* [BRIEF]
Go through the records below line by line and report how many lines include "with", giving the number only.

*** Opening SOURCE INFORMATION ***

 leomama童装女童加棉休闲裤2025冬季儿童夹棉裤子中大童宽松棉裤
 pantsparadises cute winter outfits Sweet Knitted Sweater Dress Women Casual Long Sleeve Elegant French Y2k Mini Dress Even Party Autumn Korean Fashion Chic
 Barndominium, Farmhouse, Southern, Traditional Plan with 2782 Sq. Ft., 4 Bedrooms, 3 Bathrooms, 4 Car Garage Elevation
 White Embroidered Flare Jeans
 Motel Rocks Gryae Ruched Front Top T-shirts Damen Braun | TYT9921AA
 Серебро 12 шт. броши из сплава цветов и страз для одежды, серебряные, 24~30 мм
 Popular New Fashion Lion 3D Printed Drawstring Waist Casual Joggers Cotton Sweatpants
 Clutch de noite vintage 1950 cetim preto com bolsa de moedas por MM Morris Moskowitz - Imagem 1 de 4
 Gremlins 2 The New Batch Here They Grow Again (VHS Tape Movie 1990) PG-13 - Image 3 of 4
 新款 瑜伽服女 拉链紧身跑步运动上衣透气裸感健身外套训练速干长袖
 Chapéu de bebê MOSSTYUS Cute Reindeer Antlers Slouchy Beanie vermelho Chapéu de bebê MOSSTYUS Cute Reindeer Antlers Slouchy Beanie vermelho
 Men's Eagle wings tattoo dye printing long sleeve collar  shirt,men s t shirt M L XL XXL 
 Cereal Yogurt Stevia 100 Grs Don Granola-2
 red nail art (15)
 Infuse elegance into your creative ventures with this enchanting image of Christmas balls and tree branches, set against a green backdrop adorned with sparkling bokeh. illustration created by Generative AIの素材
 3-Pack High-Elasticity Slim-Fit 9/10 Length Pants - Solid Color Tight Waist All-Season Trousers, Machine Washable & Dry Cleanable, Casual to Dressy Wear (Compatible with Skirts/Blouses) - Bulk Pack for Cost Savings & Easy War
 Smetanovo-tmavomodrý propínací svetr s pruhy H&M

*** Closing SOURCE INFORMATION ***

* [SOLUTION FOR THIS EXERCISE]
3